What I love about running and having sled dogs is just the peaceful solitude away from everybody and enjoying life, I guess, seeing the country, and exploring, and stuff. And the way I got into sled dogs was a friend in high school went to work on a ski lodge, Northern Minnesota that year. And we lived in St. Paul. He come back with two sled dogs. And there was a dog club named North Star Sled Dog Club that was pretty much Siberian Huskies at the time. And we just had no registered dogs, but I helped John gather some of the Siberians from friends in that North Star Club. And we started running dogs, little wheel carts in the summer. The Minnesota State Fairgrounds had big agricultural fields behind it, and we’d go up and run the dogs around there on a wheel cart.
And then the wintertime, we had found a friend that was in that club that lived in Wisconsin. He invited us over and there were three of us, John Weber, myself, and then we … Anyway, we all were running dogs, and the friend in Wisconsin invited us over to run. He lived on the Chippewa Flowage, I think it was, they called it, if that’s the right name. Anyway, he had a little cabin, and his wife, and two little kids at the time, and we’d go for the weekend and we’d sleep on the floor in the cabin and run through the woods down to the lake, and around the lake, and come back to Minnesota, and do our things there, and train.

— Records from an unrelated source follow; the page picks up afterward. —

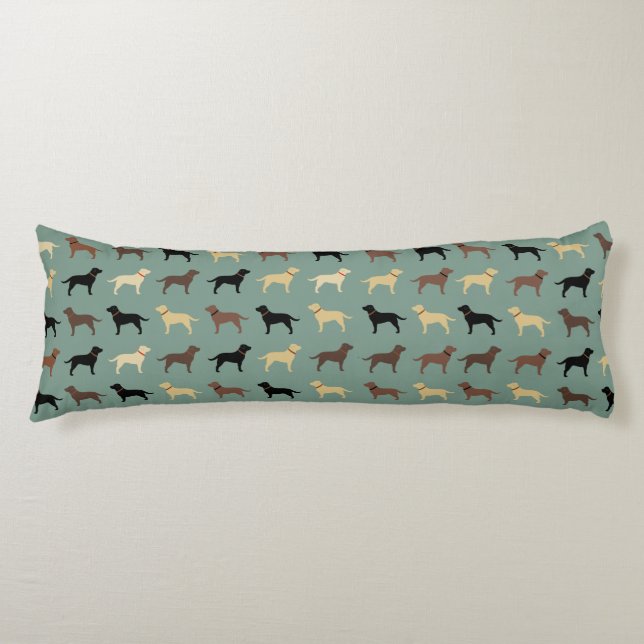 Labrador Retriever Dog Silhouettes Pattern Labs Body Cushion (Front)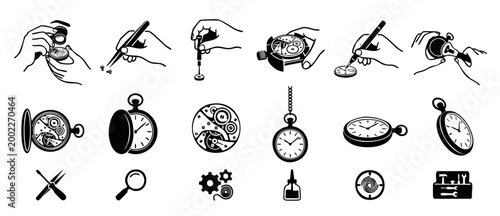 Watch Repair Icons Set with Professional Tools and Clock Mechanisms, Detailed Horology Maintenance Illustrations for Skilled Artisans, Vintage Pocket Watches and Precision Engineering Concept Symbols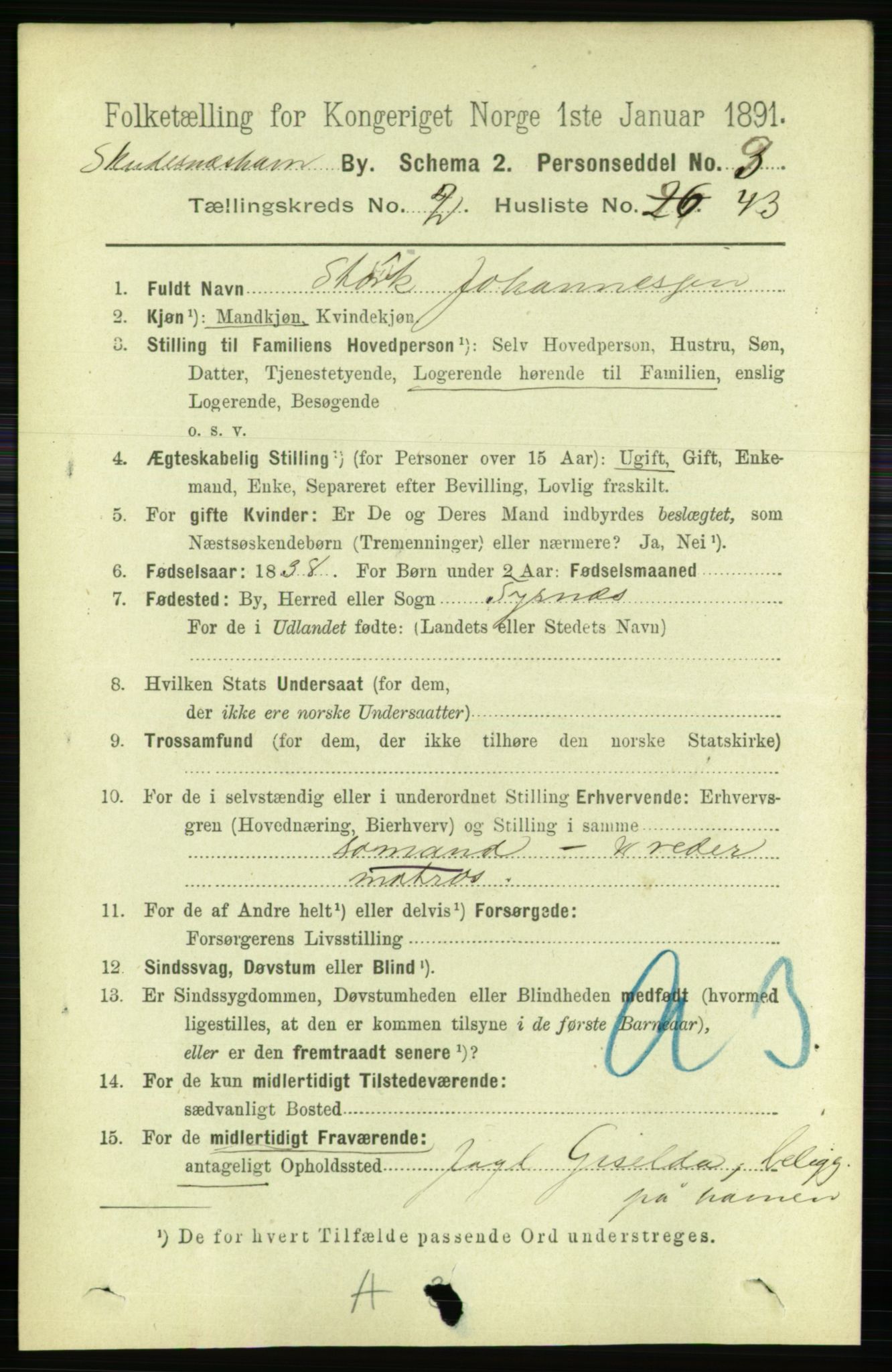 RA, Folketelling 1891 for 1104 Skudeneshavn ladested, 1891, s. 828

And we finished high school with the dream of going to Alaska, all three of us together with dogs. But the Army got in the way of that and drafted two of us. And the other one that started us with the dogs, John Weber, he enlisted and went into the Army, became airborne and shipped to Vietnam. And I ended up being in Vietnam and our other buddy ended up in Germany. And the thing about it, when we got together in high school, he was born on February 3rd, same year I was, ’47, and he was in St. Cloud at the time when he was born. I was in St. Paul. And however we got together, his dad was a fire marshal in St. Cloud and they hired him to come and be the state fire marshal in Minnesota at the time. So they moved to the Cities in St. Paul. And he went to our high school. That’s how we got started together, running.
Question 2: What, who or how and when & why did you first get involved running the Iditarod?
I got involved running the Iditarod because when I came back to Alaska from meeting Joe, he invited me to his dog lot with my dogs and I could stay in his dog lot. So I pulled a little camp trailer with me, and my dogs in the dog box, and ended up in Knik, where Joe was living and started running dogs from there. And his dream, they had an Aurora Dog Mushers Club formed at the time. And there was a handful of guys that had school teachers and other guys that had sled dogs in the area. And we’d have a meeting once a month, and the Iditarod would come up every meeting, almost. Joe was living in a little cabin in Knik, little log cabin, him and his wife, Vi. And we’d have the meetings there. And then we went to Dorothy Page’s place in Wasilla and had meetings there.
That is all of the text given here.